An account opened with a clearing bank (few building societies offer current accounts) that provides the ability to draw cash (usually via a debit card) or cheques from the account. Some pay fairly minimal rates of interest if the account is in credit. Most current accounts insist your monthly income (salary or pension) is paid directly in each month and they offer a number of optional services – such as overdrafts and charge cards – which are negotiable but will incur fees.
Also referred to as the bank rate or the minimum lending rate, the Bank of England base rate is the lowest rate the Bank uses to discount bills of exchange. This affects consumers as it is used by mainstream lenders and banks as the basis for calculating interest rates on mortgages, loans and savings.

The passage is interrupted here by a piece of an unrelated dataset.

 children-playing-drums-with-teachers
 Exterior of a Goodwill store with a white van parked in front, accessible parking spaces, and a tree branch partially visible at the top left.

This refers to the terms of your mortgage and not the interest rate you pay. Flexible mortgages offer the borrower the ability to adjust monthly payments to suit their ability to pay. Although there’s no precise definition of a flexible mortgage, it should offer: interest calculated on a daily basis; the facility to make overpayments at any time without incurring penalties; the facility to underpay; and the ability to take a payment holiday (but these may be only options if you’ve made prior overpayments). Flexible mortgages require you be disciplined in your finances and their main drawback is the flexibility comes at a price as lenders charge slightly higher rates for these types of mortgages.